Exercise brief: Set down the lines below, exactly, starting at the one that contains "cute raccoon boy vector" and stopping at the last line, inclusive. Omit pictures.

*** Data records ***

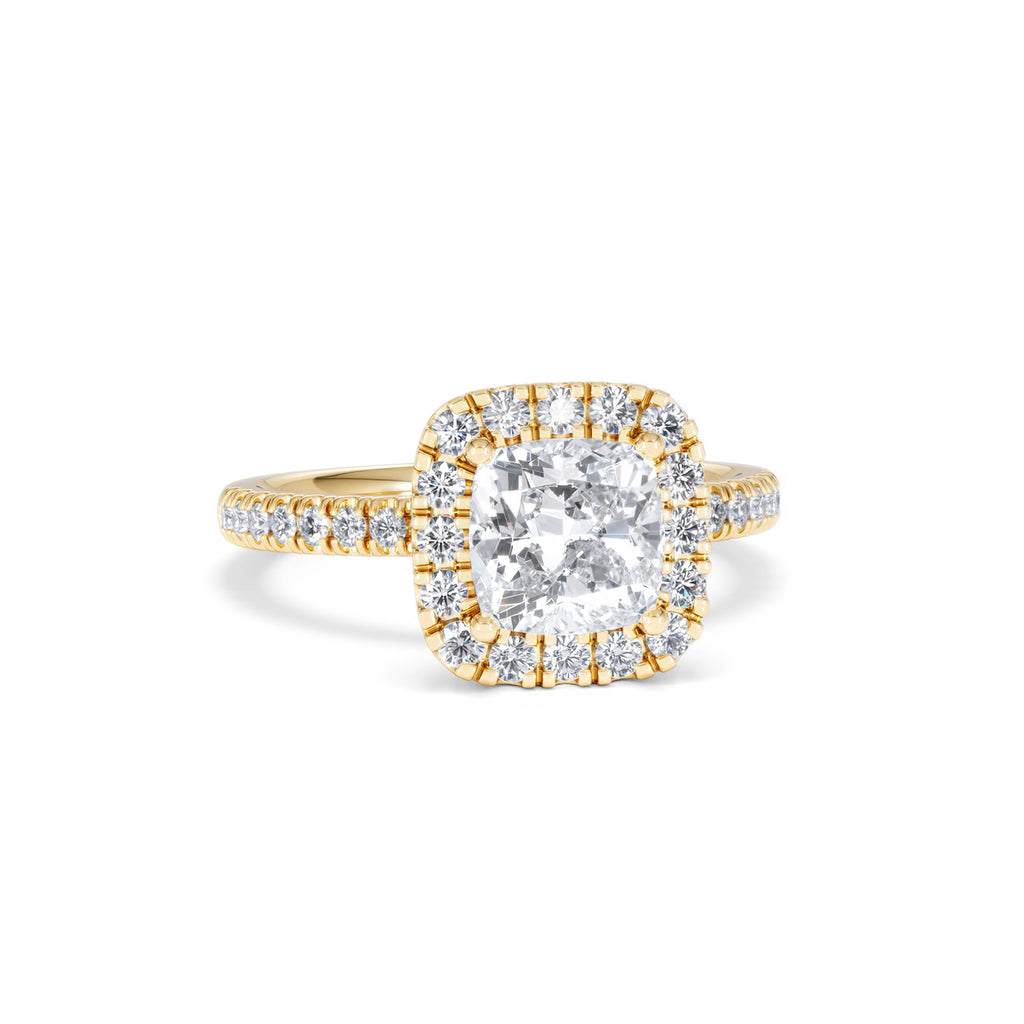 2.05ct Beatrice Lab Diamond Halo Engagement Ring in 18K Gold F/VS1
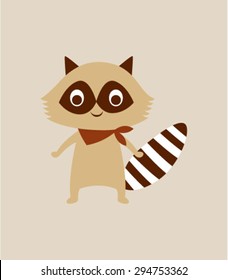 cute raccoon boy vector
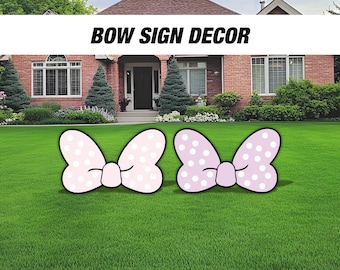Mouse Bow Cutout babyshower Bow Stand Up Prop standee, lawn signs, yard sign, backdrop centerpieces, high res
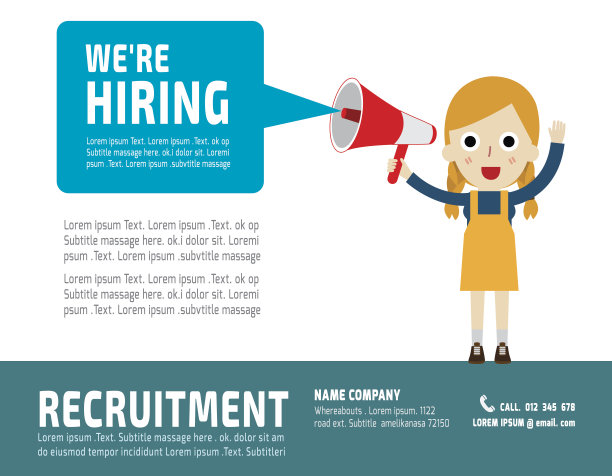 招聘。招聘。手指着职业女商人。图片下载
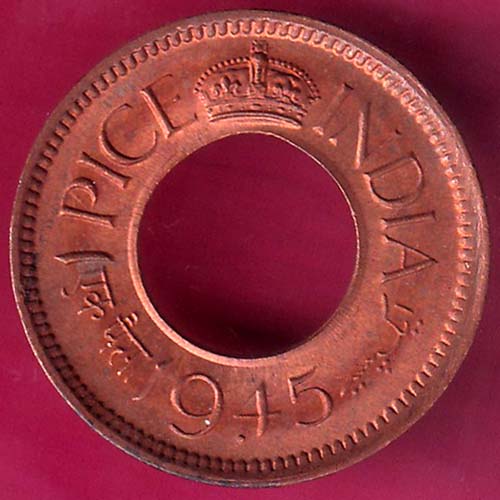 British india king bombay mint george vi 1945 one pice beautiful copper Coin–@HUB2859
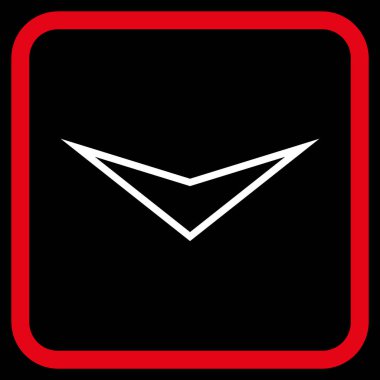 Vektör simgesi bir çerçeve içinde aşağı ok ucu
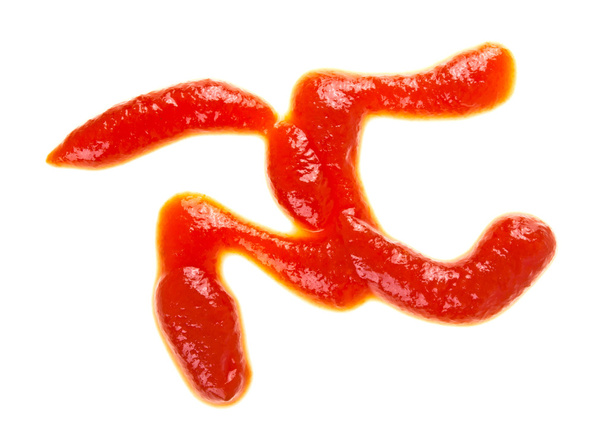 ketchup pomidorowy na białym tle - Zdjęcie, obraz
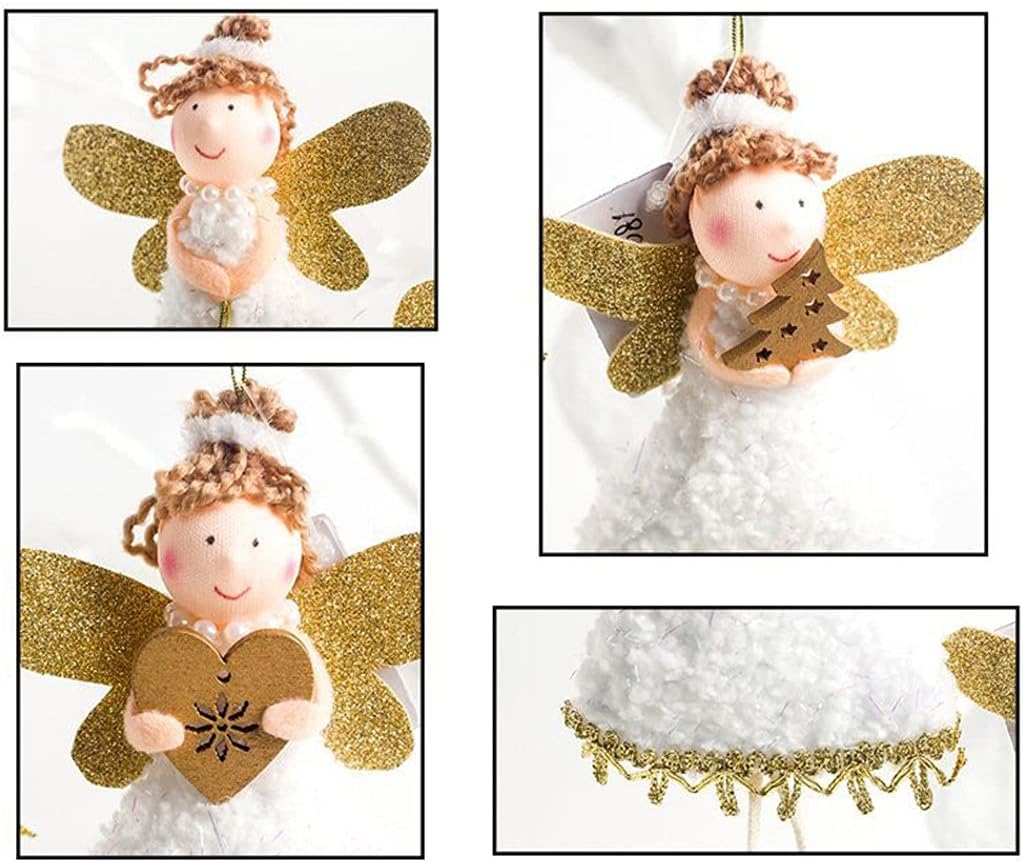 3Pcs Christmas Angels Ornaments Christmas Girl Doll Christmas Tree Decoration Pendant (Color : A Size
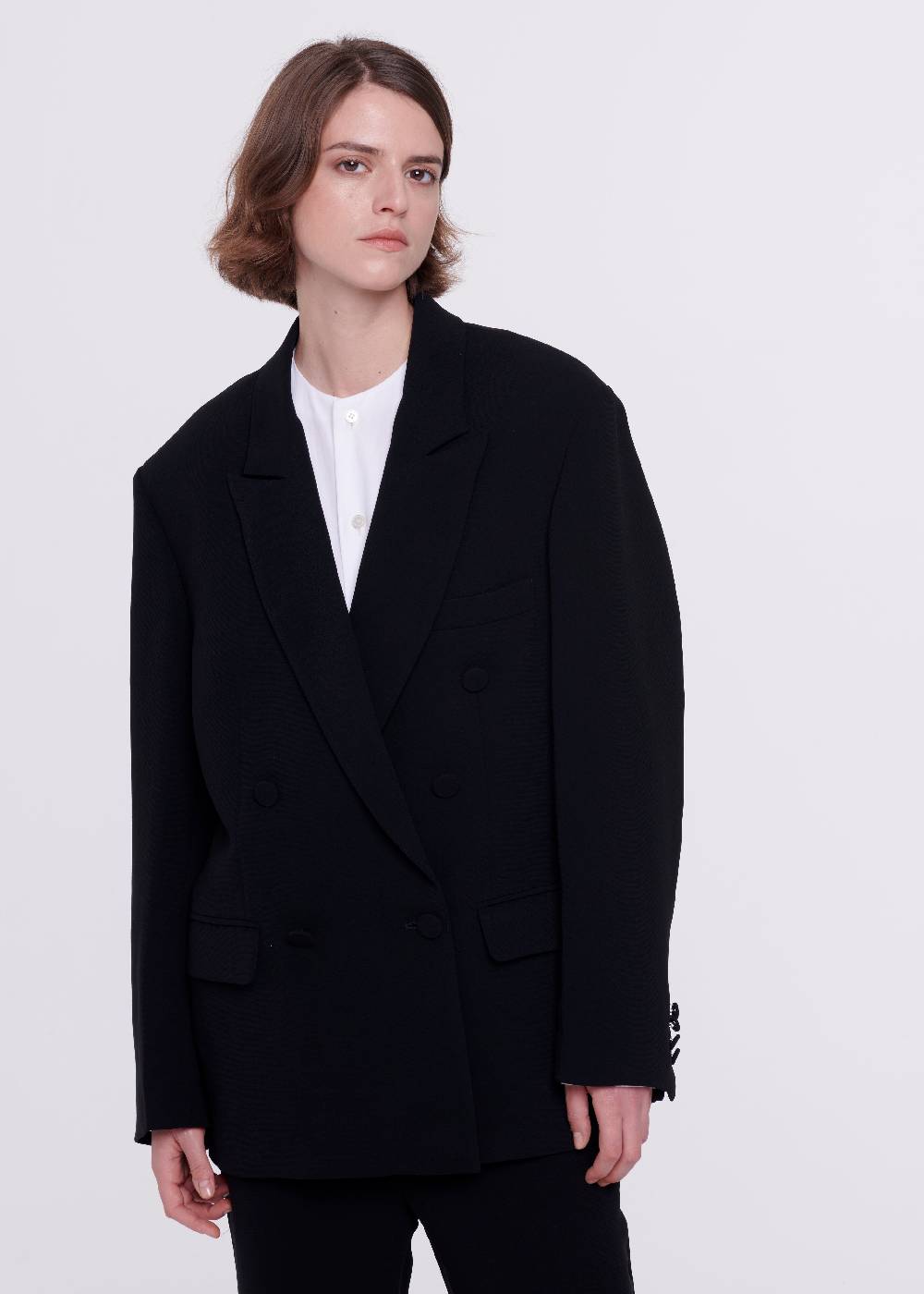 Plan C BLAZER DOPPIOPETTO IN CADY NERO In Linea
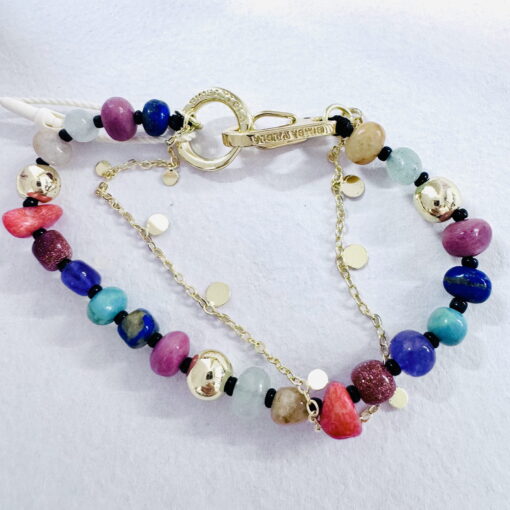 Bimba y Lola Pulsera Doble Piedras Multicolor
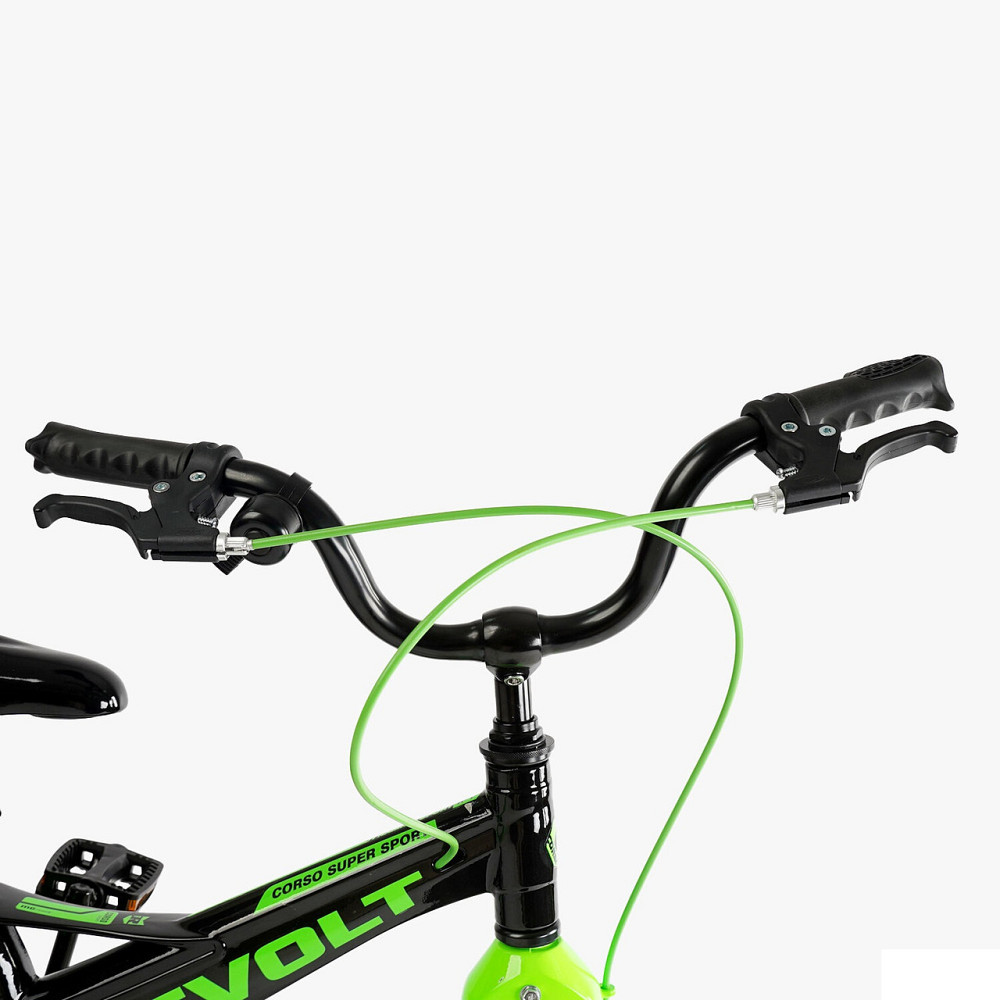 Велосипед 2-х колісний CORSO REVOLT 16 дюймів дискові гальма додаткові колеса Чорно-салатовий (MG-16090) Чернігів - фото 2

*** End of Data records ***

Finished exercise:
 cute raccoon boy vector
Mouse Bow Cutout babyshower Bow Stand Up Prop standee, lawn signs, yard sign, backdrop centerpieces, high res
 招聘。招聘。手指着职业女商人。图片下载
 British india king bombay mint george vi 1945 one pice beautiful copper Coin–@HUB2859
 Vektör simgesi bir çerçeve içinde aşağı ok ucu
 ketchup pomidorowy na białym tle - Zdjęcie, obraz
 3Pcs Christmas Angels Ornaments Christmas Girl Doll Christmas Tree Decoration Pendant (Color : A Size
 Plan C BLAZER DOPPIOPETTO IN CADY NERO In Linea
 Bimba y Lola Pulsera Doble Piedras Multicolor
 Велосипед 2-х колісний CORSO REVOLT 16 дюймів дискові гальма додаткові колеса Чорно-салатовий (MG-16090) Чернігів - фото 2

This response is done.